When the jury was only able to come up with a partial verdict this week in the copyright infringement case Oracle brought against Google, Oracle asked US district judge William Alsup to make a ruling but has received short shrift. The jury determined that Google’s use of Java API’s did infringe copyright but could not decide whether the use was within the bounds of ‘fair use’. In the absence of a decision on the crux of the issue – essentially whether API’s are copyrightable - Oracle responded by asking the judge make a ruling in its favour over the ‘fair use’ aspect. Alsup’s response was rapid and negative.
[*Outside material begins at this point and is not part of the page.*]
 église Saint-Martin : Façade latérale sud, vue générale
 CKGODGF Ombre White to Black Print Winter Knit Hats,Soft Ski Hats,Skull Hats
We are not legal experts tuned to the nuance of every word but Alsup has just said APIs are not subject to copyright.
This week also saw an EU ruling in a case between SAS Institute and World Programming, which also determined that API’s could not be copyrighted.
The copyright decision will no doubt have repercussions within the context of the Oracle-Google lawsuit in terms of the liability issue, but there are certain to be wider industry implications.
A ruling in Oracle’s favour would have meant open source Java was a lot less open than it was believed to be which would impact Android and potentially deter developers of other software if they felt Oracle was watching for infringements.
Android is a special case in some ways – it is a non-standard implementation of Java. We can’t see Oracle trying to close out Java development (we believe it is after a slice of the Android market via additional license fees, see Google and Oracle head back to court) but it would raise questions and increase levels of caution. That would not be good news when much of the innovation in software is likely to come from cloud and mobile applications, which could also use ‘non-standard’ implementations.